“No se trata de estar en contra de la felicidad. Se trata de estar en contra del mandato de ser feliz”. Sara Ahmed escribió La promesa de la felicidad como quien lanza una piedra contra el espejo pulido del optimismo obligatorio. Feliz día, el nuevo espectáculo de Los Sutottos, parece recoger esa piedra y jugar con sus astillas. Con su característico humor absurdo, la obra no se burla de la felicidad, sino de su imposición: esa exigencia de alegría constante que convierte la vida en una competencia emocional y la incomodidad en una falla personal.
Dos hermanos mellizos cumplen 40 años. Viven con su madre, repiten frases motivacionales, se desean felicidad a los gritos. El problema no es que no lo consigan. El problema es que tienen que lograrlo sí o sí. En una escena cargada de patetismo hilarante, el deseo se vuelve mandato, y la sonrisa, un gesto tenso, casi doloroso. Porque en el universo de Los Sutottos, la alegría está reglamentada, organizada, protocolarizada. El resultado es brillante: una crítica feroz —y profundamente contemporánea— al imperativo de bienestar disfrazada de comedia absurda. Una risa que incomoda, porque del otro lado del chiste está la exigencia real de ser felices, cueste lo que cueste.
Como en otras de sus obras, Caminos y Sztryk exageran lo cotidiano hasta que se vuelve ridículo. Pero detrás del ridículo aparece lo verdadero. La obra funciona como una radiografía absurda —y dolorosamente lúcida— del imperativo de la alegría. “Sé feliz”, “Sonreí”, “Vibrá alto”: las frases que inundan tazas, posteos y agendas configuran el nuevo catecismo de una época que no tolera el malestar. Pero ¿qué pasa cuando estar triste se vuelve un fracaso? ¿Qué hacemos con el cansancio, la angustia, el desencanto? ¿Dónde ponemos todo eso que no vibra alto?

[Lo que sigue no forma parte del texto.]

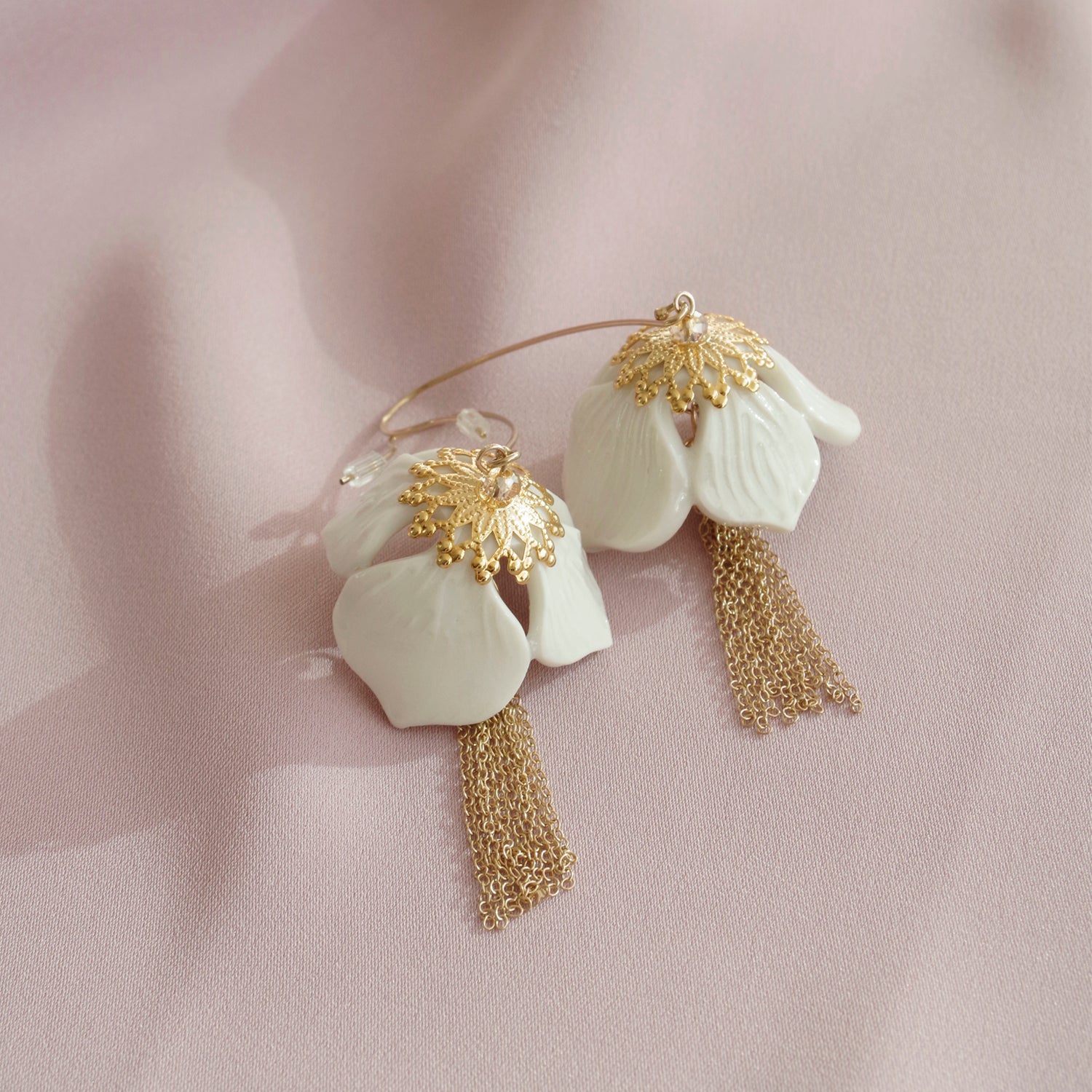 Geraldine ” Flower Tassel Earrings ( Yellow ) – Ale Accessories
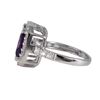 Image 2 : Amythest Square CZ, Surrounded With White Czs, Sterling Silver Ring Size 7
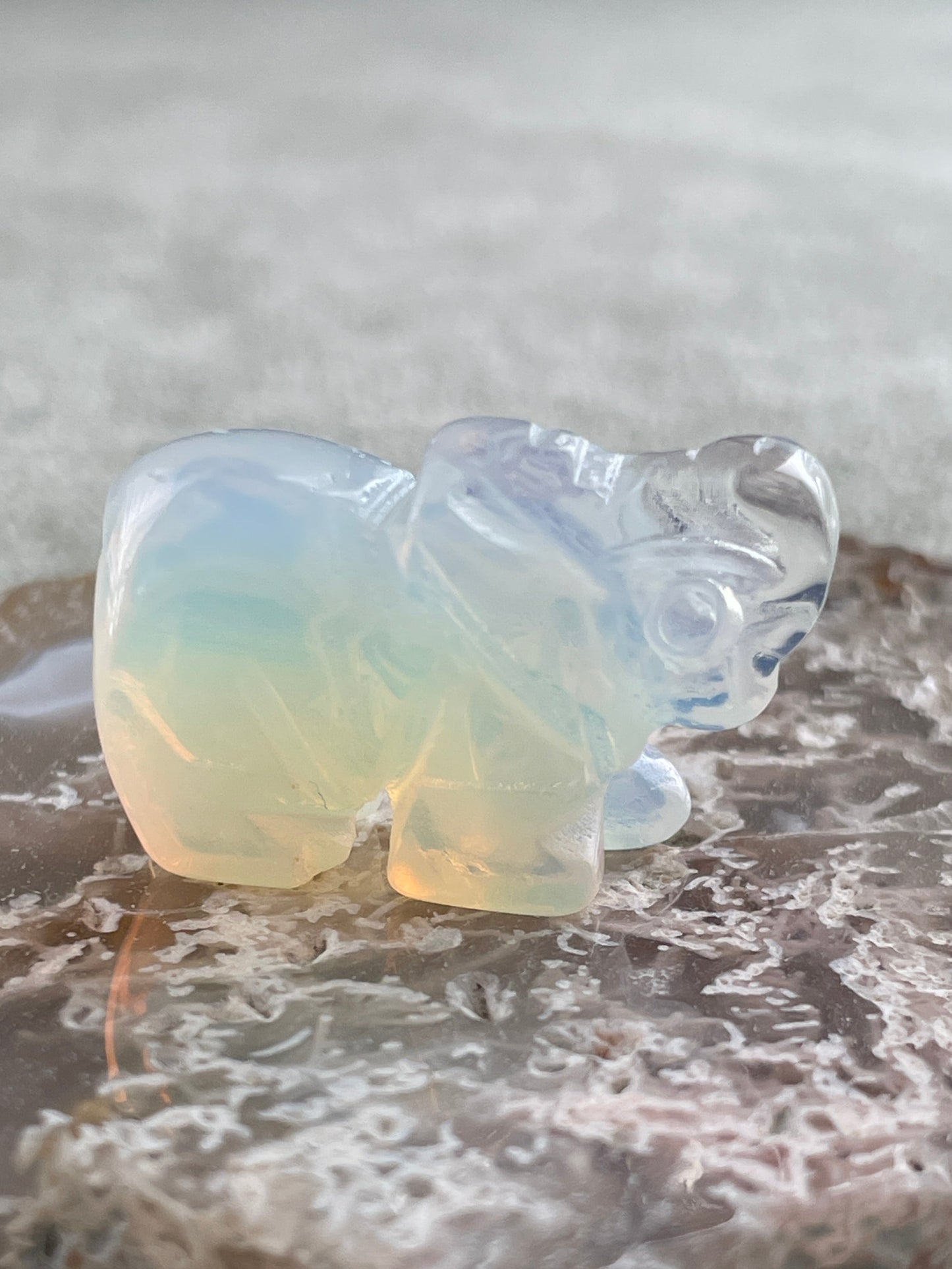 tiny opalite elephant figurine, soothing crystal animal carving for mindfulness and serenity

Retomando las hermosas palabras de Ahmed, para la autora el mandato de la felicidad funciona como un dispositivo de control: orienta nuestras vidas, define lo que vale la pena, margina lo que incomoda. En Feliz día, esa promesa se revela imposible. Y eso es, quizás, lo más radical de la obra: que se anima a poner en escena el fracaso de un ideal que nos persigue todo el tiempo. Porque ¿qué se espera de un cumpleaños si no es alegría? ¿Qué pasa si ese día no queremos brindar, ni cantar, ni fingir entusiasmo?
Los Sutottos no caricaturizan: exageran para señalar. Su estilo —afinado a lo largo de veinte años de trayectoria— combina el gag físico con una dramaturgia precisa que sabe dónde incomodar. La risa que provocan no anestesia, sino que deja una huella. Porque nos reímos de esos dos hermanos en crisis, pero también nos reconocemos: en la contradicción entre lo que queremos y lo que debemos querer, en la ansiedad por no arruinar el momento, en esa frase de consuelo que se convierte en mandato.
En este paisaje, la figura de la madre funciona como un personaje tan amoroso como opresivo. Es la que sostiene la casa, pero también el ideal imposible de armonía familiar. No es casual que vivan con ella: es una infancia prolongada, una madurez negada, un lugar donde el deseo no termina de emanciparse. Todo intento de alegría está contaminado por el deber de estar bien.
La escenografía simple, casi doméstica, refuerza esa atmósfera de encierro emocional. No hay escape: la felicidad tiene que ocurrir ahí, entre tortas, papel picado y discursos forzados. Y si no ocurre, entonces hay que fingirla. Porque no se trata de sentir, sino de performar. Feliz día exhibe ese performance, la desarma, la vuelve grotesca. Y en ese gesto, nos da permiso para pensar otra cosa.
Estamos frente a una fiesta fallida. Pero en ese fracaso hay una forma de verdad que desarma. Porque muestra que no siempre se puede. Que está bien no estar bien. Y que, en un mundo obsesionado con vibrar alto, a veces la risa más genuina nace del reconocimiento de nuestra propia incomodidad.